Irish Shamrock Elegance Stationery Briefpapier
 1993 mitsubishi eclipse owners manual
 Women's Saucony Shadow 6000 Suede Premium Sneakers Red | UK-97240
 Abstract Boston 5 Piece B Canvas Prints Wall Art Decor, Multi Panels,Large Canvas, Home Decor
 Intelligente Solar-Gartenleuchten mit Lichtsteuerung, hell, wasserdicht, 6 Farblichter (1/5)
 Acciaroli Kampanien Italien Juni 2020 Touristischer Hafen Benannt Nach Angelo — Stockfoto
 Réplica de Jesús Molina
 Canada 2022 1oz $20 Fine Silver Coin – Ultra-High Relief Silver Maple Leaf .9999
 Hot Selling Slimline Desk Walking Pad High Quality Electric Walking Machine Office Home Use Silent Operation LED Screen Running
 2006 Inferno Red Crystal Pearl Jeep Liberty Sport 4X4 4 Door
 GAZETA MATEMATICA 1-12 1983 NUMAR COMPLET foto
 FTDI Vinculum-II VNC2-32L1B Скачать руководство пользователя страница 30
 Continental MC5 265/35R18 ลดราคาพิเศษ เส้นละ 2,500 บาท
################
**WORK TO COMPLETE**
Check each line in the records above for the word "High". Return those that have it.

**TASK RESULT**
 Canada 2022 1oz $20 Fine Silver Coin – Ultra-High Relief Silver Maple Leaf .9999
 Hot Selling Slimline Desk Walking Pad High Quality Electric Walking Machine Office Home Use Silent Operation LED Screen Running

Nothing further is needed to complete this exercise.